I had my first cigarette somewhere around mid-November 2002, standing at my brand new address in New York City: 35 Fifth Avenue. I was 18 years old. I had never smoked in high school, and took it up for reasons inbetween an excuse to stand out on Fifth Avenue at dusk and a small act of rebellion. I looked forward to those early cigarettes, mostly taken with friends. Sometimes, we would sit on the stoop across the street. But, we weren’t smokers.

I had one a day for a month or so, then, sometimes, if I was really enjoying myself, I had two. Then, sometimes, I would have a cigarette after lunch. Never in the morning though, I would tell myself.

Then, sometimes, I would smoke in the morning.

I had my last cigarette on March 12, 2010, standing in front of my office on Broadway and White Street. I am 26 years old and have smoked on and off (mostly on) for seven and a half years. By my calculations, I’ve had upwards of 20,000 cigarettes. Strangest thing is, I’ve enjoyed most of them. I really liked smoking.

Many of those cigarettes were smoked outside of Tisch at NYU where I made most of my college friends. I’ve smoked cigarettes in half a dozen countries and numerous cities. I remember smoking a cigarette with my dad (the only one ever) after my grandfather’s funeral. When I was working as an assistant director on various sets, I smoked over a pack a day. But I’ve also cut back and at times stopped buying them, bumming them from friends.

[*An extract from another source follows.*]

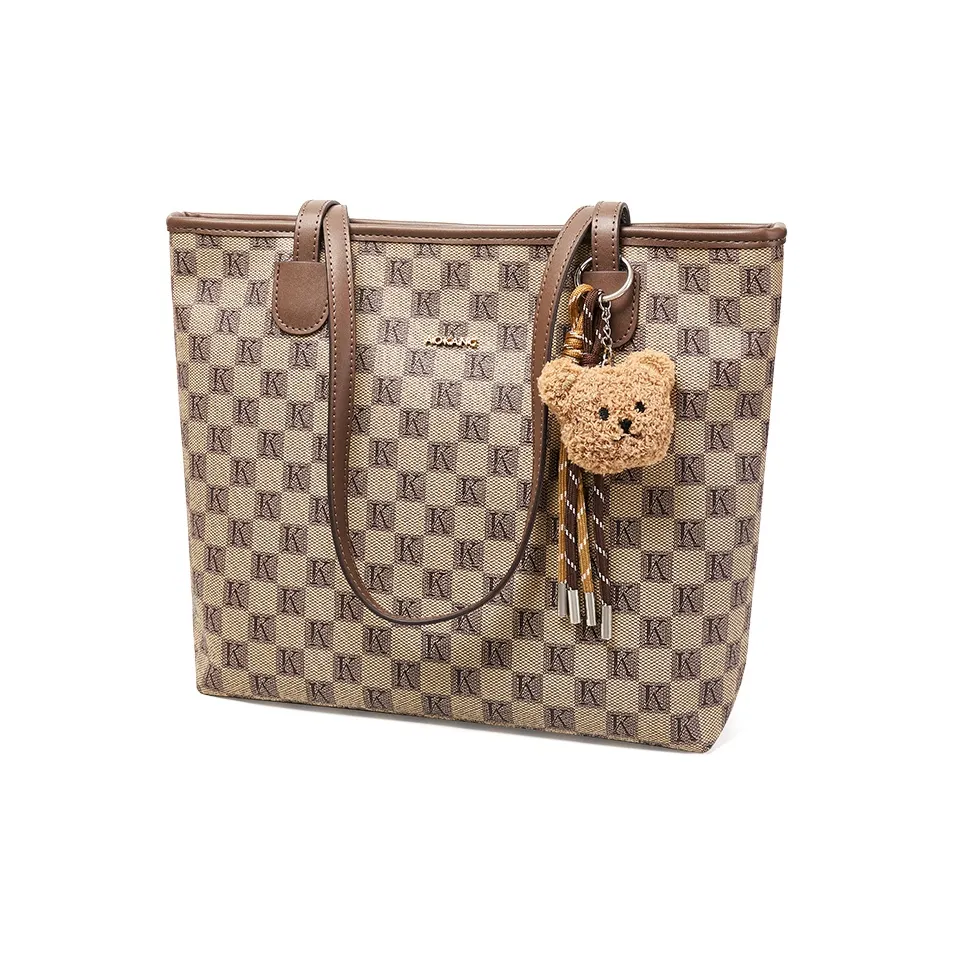 AOKANG PVC Тоут Сумка для покупок Подмышечная Сумка на плечо Большая Женская Хаки Кофе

I’ve smoked cigarettes with Uma Thurman and Meryl Streep. I’ve smoked so many cigarettes that it’s been ingrained in my personality. Though recently, I’ve been thinking about quitting.

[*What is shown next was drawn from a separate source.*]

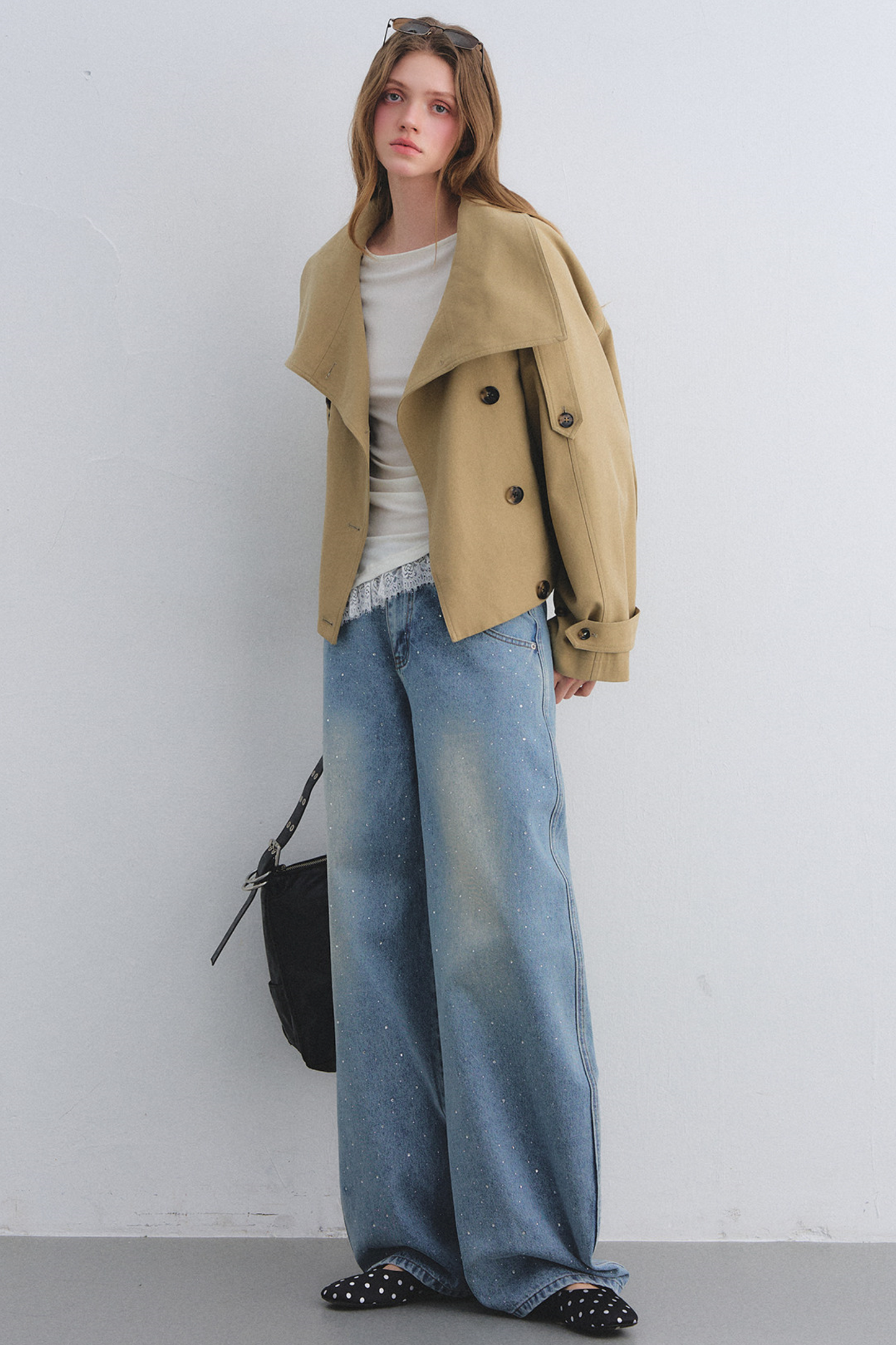 Flower Bud Cocoon Jacket Jeans Set-Up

“How much would it cost to get you to quit?” Henry asked me as I was about to go outside to smoke.

“I don’t know,” I said, and sat down next to him.

I wasn’t quite ready, I said, but soon.

“You never feel ready, it’s never a good time,” Henry said.

Fifteen minutes later, the rules of an elaborate bet were in place. We would bet $2,000 on whether or not I could quit for two years. He would give me $1,000 cash, upfront, right then. If I didn’t smoke for two years he would give me the other $1,000. Pretty good deal. However, if I didn’t make it, I owed him the first $1,000 back, as well as the $2,000 from the bet. A producer we are working with added another $1,000 in two years if I could do it and my dad added another $2,000. Now, there is $5,000 riding on me quitting and my next cigarette will cost me $3,000 and a fair amount of embarrassment.

The money helps. But much more interesting is the fight going on between two sides of my brain: I really want to smoke, at times it’s overwhelming. But I’m not going to.

I’m done and my willpower is stronger than ever.

I chewed my first toothpick somewhere around mid-September 1996, I had just turned 13—I haven’t thought too much about them since.

I’m now up to two packs a day. I just might be addicted.